Growing up on an island near the arctic circle in Norway, I learned to love spending time playing in the snow. And after exploring the mountains of Colorado for the past ten years, I’ve learned a thing or two about helping couples get married in the snow, too.

It takes a bit more planning to pull off an epic elopement in winter, when weather, road conditions, and shorter daylight hours play a big role, but the payoff is oh so worth it.

And if you’re thinking about eloping in winter, I bet you already knew that. Because you know the joy that comes with taking a deep breath of crisp mountain air, of strapping on your snowshoes to explore empty trails, of sipping a beer on a patio that’s just barely warm enough to sit outside on, and of cozying up in front of a crackling fireplace at the end of a long day of playing outside in a winter wonderland.

Read on for my insider tips on how to plan your best day ever with a winter elopement!

Winter elopement at Bear Lake in Rocky Mountain National Park.

Winter elopement statistics

In Denver, there were 139% more marriage licenses issued in August than in December. (source)
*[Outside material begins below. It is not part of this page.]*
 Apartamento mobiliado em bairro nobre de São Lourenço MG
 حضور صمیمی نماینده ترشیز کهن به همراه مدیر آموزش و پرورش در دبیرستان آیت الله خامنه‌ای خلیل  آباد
The 2019 Wedding Report by Wedding Wire shows that January, February, and December are the least popular months of the year to get married.

A study by The Knot shows that only 5% of marriages across the country take place during the winter months.

Photo from Wedding Wire’s Annual Report

Best places to elope in winter

Switzerland elopement at Matterhorn.
  1. Colorado
  2. Switzerland
  3. Norway
  4. Iceland
  5. Banff
  6. Lake Tahoe
  7. Pacific North West
  8. Alaska
  9. Vermont

Best winter elopement locations in Colorado

Colorado is the perfect place to elope in the snow. With 300 days of sunshine every year, and snow on the ground from October through June, it feels like we’re always in one version of winter or other. With ski resort towns like Breckenridge and Crested Butte, an extensive network of backcountry hiking (and skiing) trails, and luxury accommodations like Devil’s Thumb Ranch and Dunton Hot Springs, there’s something for everyone in Colorado.

Rocky Mountain National Park

Rocky Mountain National Park is the most popular place for winter elopements in Colorado, and one of my favorites. While summer visitation numbers reach up to a million visitors in in July, months like February often see fewer than 100,000 people in the park. (See park statistics here.) And those numbers make a huge difference, if you’d prefer the sound of birds chirping to car horns and road noise while exchanging vows. Even weekends in winter are less busy than weekdays in summer. And where other locations can be hard to reach in the winter months, RMNP is plowed and easily accessible all year round. Read more about eloping in RMNP here.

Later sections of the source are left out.